I hope you all enjoy the lovely gypsy summer that we have here, and find inspirational stories yourself on the streets of the wide world ;) xxx

A Little Fashion Story for a Great Woman

This will be another "different" post for me, but funnily, quite similar to many of the blogs I've recently read. It seems fashion blogs are really popular right now, maybe they have ever been, but frankly I have never been interested in them. I know hardly anything about fashion, my worldly fascinations continue to be in other spheres of life, like politics, music, culture and people, but talking about people...There is one supermodel of the world I really like, both as a professional and as a person, of course knowing her only from her two very popular TV shows "America's Next Top Model" and "The Tyra Banks' Show". Ever since I "discovered" her as an interesting person in the gossip colons and fashion magazines, and started watching ANTM as a provider of information for a completely different world than mine, I started liking Tyra for her genuine personality, for her seemingly effortless charm, and for the very well controlled and managed argumentative nature :)) These days I like her even more, she is beautiful, funny and natural, and without a doubt enters my "Women That I Think Are Fabulous" list. :D
Just today I saw this video that The New York Times Magazine made with her, about her life, career and experiences. I think its a lovely video, and unlike many of the supermodels, models and girls-wanting-to-be-models...Tyra makes me feel as if she and I are not from two different worlds, that indeed we are the same...except for her height...and inhuman like ability to "smise" :)) Miss Tyra Banks is a fabulous woman indeed :)

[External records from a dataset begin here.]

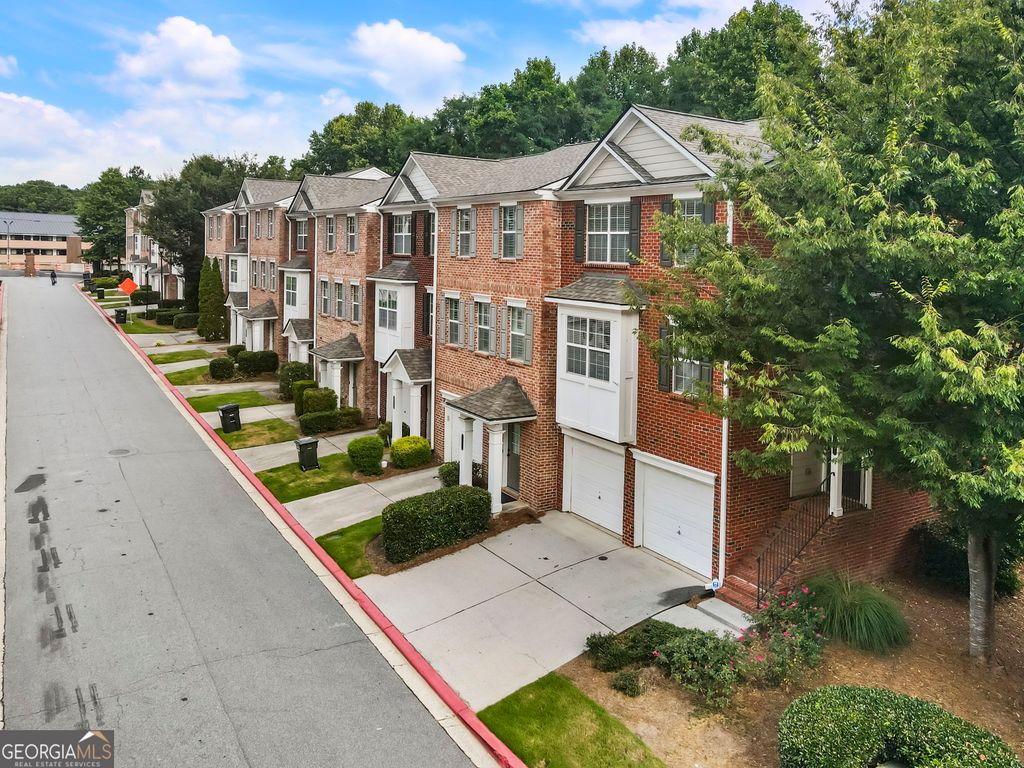 Photo of 408 NW Heritage Park Trace NW #22, Kennesaw, GA 30144 (MLS # 10660445)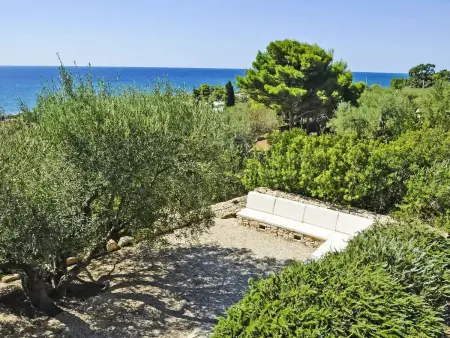 Trullo dei Silvi – Villa 8 pers., piscine & vue mer : photo 48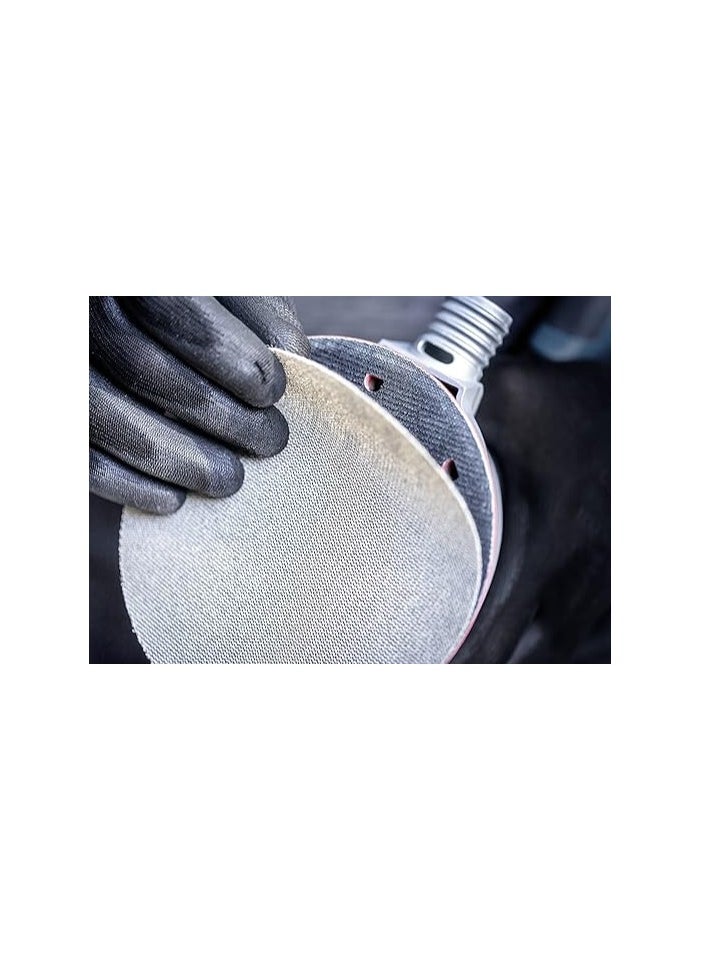 BOSCH Sanding 125 mm Rounder 5 PCs- P320  - Image 2
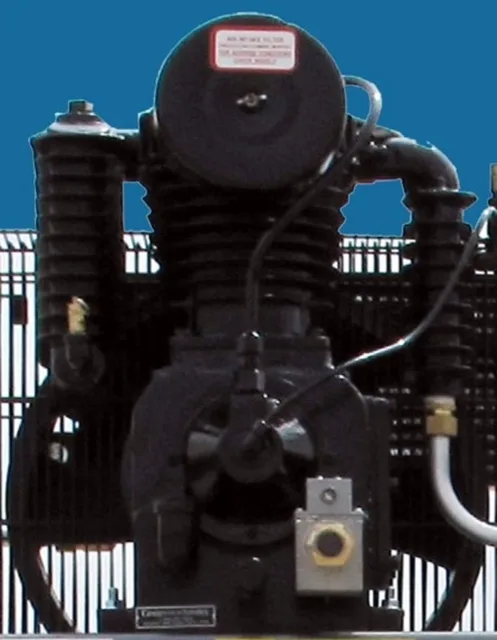Air Compressor 5-7.5hp 252 lbs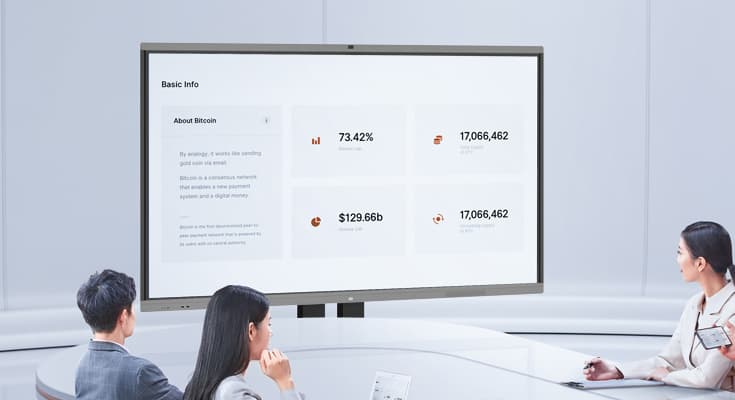 Lumevax Standard Version in Conference Room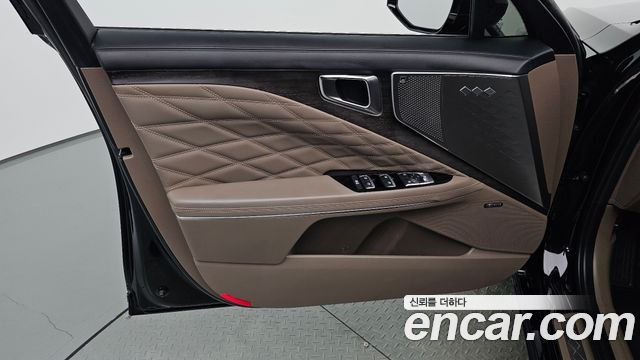 Kia K8 2024 — photo 14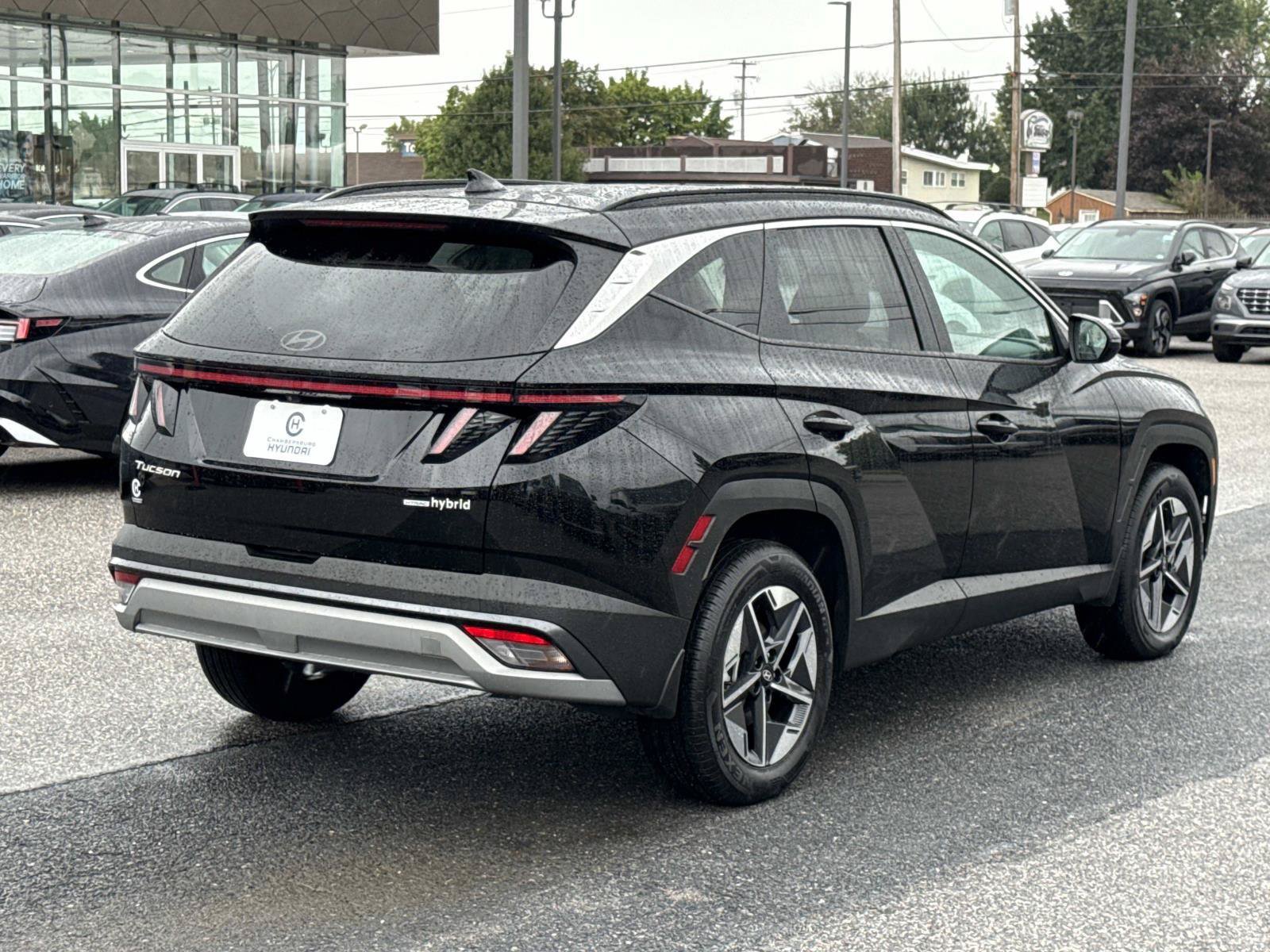 Certified 2025 Hyundai Tucson SEL AWD/4WD image 25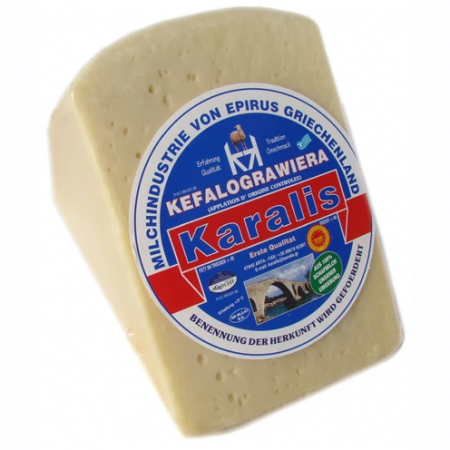 ΚΕΦΑΛΟΓΡΑΒΙΕΡΑ ΗΠΕΙΡΟΥ ΚΑΡΑΛΗΣ ΚΟΜΜΑΤΙ 250gr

http://www.youtube.com/watch?v=aINaHOxZN_4&feature=fvst

Saturday 26 September 2009

"...Beauty need only be a whisper..."



Salma Hayek truly is inspirational. Not only her charm, warming and disarming; not only her old-fashioned warm and pure motherly nature; not only her acting skills...The greatest gift is a mystery behind the curtain, beauty is only a whisper.
Tonight I watched an old old movie with my friend Lovely Zoe ..."Desperado" yes, of course :) .... and I not only remembered why people like her so much (and Antonio,ai ai ai) but also why I am a particular fan of movie soundtracks. Zoe likes the melodic rock of Tito & Tarantula, and I simply adore Salma singing (is it her?) that slow song about love. I found a translation of the lyrics from Spanish, thanks to xDream666x and I just want to share it with you because its fantastic :)
Quedate Aqui

Stay here
In my arms
Stay here
For me
And don't tell me you love me
Don't tell me you adore me
Tell me only that you will stay
One life with me
Take me there
Take me in your anxiety to a place
Where it's not necessary to swear
Where it's not necessary to lie
Where I exist only for you
And don't ask me if I love you
Because you shouldn't worry about what I think
Because I am all yours in my way
But when I want to be your dream
I'm not satisfied with your kisses
I want to give you all of what I feel
And more than that.

Tuesday 15 September 2009

15.09.2009 (First day of school in Bulgaria:)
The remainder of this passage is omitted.